Exercise goal
Within the records, find every line that includes the word "White" and copy it.

Provided records
-=-=-

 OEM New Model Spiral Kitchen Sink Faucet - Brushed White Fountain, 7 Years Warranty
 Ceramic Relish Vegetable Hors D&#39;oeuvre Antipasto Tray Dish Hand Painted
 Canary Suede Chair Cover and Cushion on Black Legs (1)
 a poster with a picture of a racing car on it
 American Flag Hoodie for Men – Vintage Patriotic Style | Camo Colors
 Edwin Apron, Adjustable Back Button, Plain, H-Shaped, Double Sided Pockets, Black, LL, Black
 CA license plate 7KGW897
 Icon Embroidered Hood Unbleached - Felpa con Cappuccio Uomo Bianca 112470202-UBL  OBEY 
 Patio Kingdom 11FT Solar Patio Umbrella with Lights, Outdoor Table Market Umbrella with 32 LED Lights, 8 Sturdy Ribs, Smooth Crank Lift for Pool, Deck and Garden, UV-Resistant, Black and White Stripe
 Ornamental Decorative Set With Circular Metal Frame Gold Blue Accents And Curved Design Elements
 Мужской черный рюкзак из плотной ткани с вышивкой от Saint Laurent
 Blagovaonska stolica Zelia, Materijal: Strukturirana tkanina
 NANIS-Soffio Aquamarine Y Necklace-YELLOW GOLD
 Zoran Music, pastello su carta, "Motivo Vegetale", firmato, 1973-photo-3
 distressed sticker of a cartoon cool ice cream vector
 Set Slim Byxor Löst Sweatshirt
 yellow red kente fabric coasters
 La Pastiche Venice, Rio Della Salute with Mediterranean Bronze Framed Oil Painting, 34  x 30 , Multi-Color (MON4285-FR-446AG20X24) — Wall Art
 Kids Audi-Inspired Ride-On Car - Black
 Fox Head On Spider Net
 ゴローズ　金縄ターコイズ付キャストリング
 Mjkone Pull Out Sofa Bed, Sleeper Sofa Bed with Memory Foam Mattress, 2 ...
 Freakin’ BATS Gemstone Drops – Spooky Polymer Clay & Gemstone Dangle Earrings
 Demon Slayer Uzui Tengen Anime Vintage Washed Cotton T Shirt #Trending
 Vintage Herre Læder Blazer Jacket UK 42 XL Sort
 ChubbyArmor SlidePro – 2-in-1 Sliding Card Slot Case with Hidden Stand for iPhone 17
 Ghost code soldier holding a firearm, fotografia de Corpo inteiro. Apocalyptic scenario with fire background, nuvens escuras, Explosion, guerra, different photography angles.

-=-=-

Exercise answer
 OEM New Model Spiral Kitchen Sink Faucet - Brushed White Fountain, 7 Years Warranty
 Patio Kingdom 11FT Solar Patio Umbrella with Lights, Outdoor Table Market Umbrella with 32 LED Lights, 8 Sturdy Ribs, Smooth Crank Lift for Pool, Deck and Garden, UV-Resistant, Black and White Stripe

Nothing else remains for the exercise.